Genomic selection isn’t expected to replace phenotyping entirely, but rather will serve as one of the tools in foresters’ predictive toolbox.
“Although the technology is mature it’s still not totally cost effective yet — for most forest trees,” Dr. Yanchuk said. “The price for genotyping a tree is about $50 and we’ve got to genotype 10,000 to 20,000 trees a year in our program.”
However, the cost of genotyping is dropping as research and development in the health and biotech sectors drive advances in the field.

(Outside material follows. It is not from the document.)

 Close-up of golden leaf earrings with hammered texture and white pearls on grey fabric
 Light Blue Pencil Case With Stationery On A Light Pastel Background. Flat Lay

On the other hand, the cost of old-school phenotyping will only increase because people must be paid to go into the forest, measure progeny trials, and select the parent trees.
“Forest genetics in B.C. is very collaborative,” said van Niejenhuis with Western Forest Products. “The industry is invested heavily in this process, as well as Genome BC and Genome Canada. I’ve been looking at this from the outside since they came to the table 20 years ago and CEDaR forms the building blocks. We might not see all of the benefit of it today, but these investments are going to help us find the genetic markers that we’ll be able to use in the future.”